Перед отправкой в Финляндию боевиков представляли Скоблину. Он связывал их с представителем РОВС в Финляндии генералом Добровольским. Кроме того, Скоблин сразу же сообщал о планах очередной группы советской разведке. Миллер решил включить Скоблина в состав комиссии по реорганизации РОВС и поручил ему вместе с Туркулом руководить всей активной работой Российского общевоинского союза.
Советская разведка предупреждала пограничников, и, как правило, боевиков перехватывали уже на границе.
Так что у парижской резидентуры постоянно были основания хвалить Скоблина и просить Главное управление государственной безопасности отметить его успехи:
Двести американских долларов были большими деньгами по тем временам. Сам резидент получал в месяц двести пятьдесят долларов.
Хотя в шифровках резидентуры обычно упоминался один Скоблин, на самом деле без Надежды Васильевны он не смог бы столь плодотворно работать. Надежда Плевицкая и Николай Скоблин взаимно дополняли друг друга.
С Туркулом у советской разведки ничего не вышло.
Когда в Москве стали подумывать о том, чтобы заменить Миллера Скоблиным, излишне энергичный Туркул стал уже просто вызывать раздражение советской разведки.
Постоянно появлялись сообщения о его небывалой активности, о желании Туркула свергнуть нынешнее руководство РОВС и взять власть в свои руки.
Один из агентов советской разведки принес в резидентуру сногсшибательное сообщение о том, что будто бы состоялось секретное собрание бывших офицеров-дроздовцев, на котором Антон Туркул предложил передать ему работу против Советского Союза.
В Москве особенно забеспокоились, прочитав, что Туркулу как будто бы вручили на эти цели двести тысяч франков. И что Туркул уже завербовал в Софии четырех македонцев для проведения террористических актов на территории Советского Союза. Сообщения поступали из разных источников, что всегда создает иллюзию достоверности.
За разъяснениями обратились к Скоблину.
Скоблин сказал сотруднику резидентуры, что сам присутствовал на чествовании Туркула дроздовцами и может поручиться за то, что никаких программных речей Туркул не произносил. Скоблин вообще утверждал, что генерал по обыкновению помалкивал.
Плевицкая, участвовавшая в разговоре, заметила мужу:
— Мы ведь рано уехали с обеда, ты же не знаешь, о чем потом говорил Туркул.

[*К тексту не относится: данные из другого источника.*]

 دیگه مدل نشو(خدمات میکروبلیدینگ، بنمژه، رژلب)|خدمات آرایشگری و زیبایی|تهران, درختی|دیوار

Скоблин убежденно ответил:
— Знаю, великолепно знаю. Он вообще двух слов прилюдно сказать не может. Ничего и не говорил. К тому же, если помнишь, сразу после обеда Туркул приехал к нам и опять-таки ничего не сказал об этом. Сразу разговор о чем-то другом пошел. Значит, никакого выступления не было.
Сообщение о выделении Туркулу двухсот тысяч франков тоже оказалось липой. Приезжая в Париж, Туркул жил у Скоблина, без него не делал ни шагу. Даже к Миллеру они ездили вдвоем. Их называли двумя аяксами.
Скоблин твердо сказал сотруднику парижской резидентуры, что никаких денег Туркул не получал, но на всякий случай послал ему письмо в Софию, на которое быстро получил энергичный ответ:
«Дорогой Николай Владимирович!
Письма от генерала Фока не получал. Вообще ничего не знаю о новой организации активной работы. Никто и ничего о ней нам в Болгарию не сообщает.
Твое предположение, что будет назначен Фок, мне кажется верным, у него хорошие отношения с Шатиловым, которому хочется быть в курсе активной работы. Когда я говорил в Париже об активной работе, я ни одной минуты не желал становиться во главе новой организации. Я считал и считаю, что активная работа должна быть основой существования нашего союза здесь, за рубежом…
Активная работа — вот душа и сердце нашего союза. Прекратив работу, союз будет подобен живому трупу. Ни курсами, ни школами его оживить нельзя.
Ты пишешь, что активная работа должна быть передана нам. Принципиально я согласен, но считаю, что если нас не хотят, то не следует поднимать из-за этого шума. Нам важно, чтобы работа была, и работа большая и видная, важно, чтобы глава организации был смел и решителен. Опытов в этой области достаточно.